┏━━

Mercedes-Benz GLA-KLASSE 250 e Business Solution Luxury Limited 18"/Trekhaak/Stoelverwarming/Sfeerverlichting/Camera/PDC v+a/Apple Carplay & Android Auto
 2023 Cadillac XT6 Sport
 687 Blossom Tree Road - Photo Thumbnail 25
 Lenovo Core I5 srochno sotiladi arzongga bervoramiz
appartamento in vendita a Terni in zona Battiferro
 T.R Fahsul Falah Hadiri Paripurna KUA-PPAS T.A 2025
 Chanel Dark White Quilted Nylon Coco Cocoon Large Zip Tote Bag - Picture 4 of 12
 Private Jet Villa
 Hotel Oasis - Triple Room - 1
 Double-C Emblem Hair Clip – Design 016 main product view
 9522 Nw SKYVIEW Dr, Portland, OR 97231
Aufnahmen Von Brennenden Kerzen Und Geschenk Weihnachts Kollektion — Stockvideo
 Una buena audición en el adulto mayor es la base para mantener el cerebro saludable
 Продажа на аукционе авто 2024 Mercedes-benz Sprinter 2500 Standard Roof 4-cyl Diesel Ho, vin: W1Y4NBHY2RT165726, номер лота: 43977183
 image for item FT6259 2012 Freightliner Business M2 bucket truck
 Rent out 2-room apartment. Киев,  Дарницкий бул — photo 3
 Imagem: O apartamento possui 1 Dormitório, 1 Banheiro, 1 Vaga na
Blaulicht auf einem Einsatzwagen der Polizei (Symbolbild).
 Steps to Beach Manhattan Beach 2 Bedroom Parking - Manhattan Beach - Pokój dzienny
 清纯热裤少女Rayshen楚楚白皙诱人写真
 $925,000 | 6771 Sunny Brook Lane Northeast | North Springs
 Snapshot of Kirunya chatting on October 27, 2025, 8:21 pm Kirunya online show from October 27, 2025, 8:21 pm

┗━━

# DIRECTIONS
Which of the lines above carry the string "Mercedes"? Pick them out and copy them.

# RESPONSE AREA
Mercedes-Benz GLA-KLASSE 250 e Business Solution Luxury Limited 18"/Trekhaak/Stoelverwarming/Sfeerverlichting/Camera/PDC v+a/Apple Carplay & Android Auto
 Продажа на аукционе авто 2024 Mercedes-benz Sprinter 2500 Standard Roof 4-cyl Diesel Ho, vin: W1Y4NBHY2RT165726, номер лота: 43977183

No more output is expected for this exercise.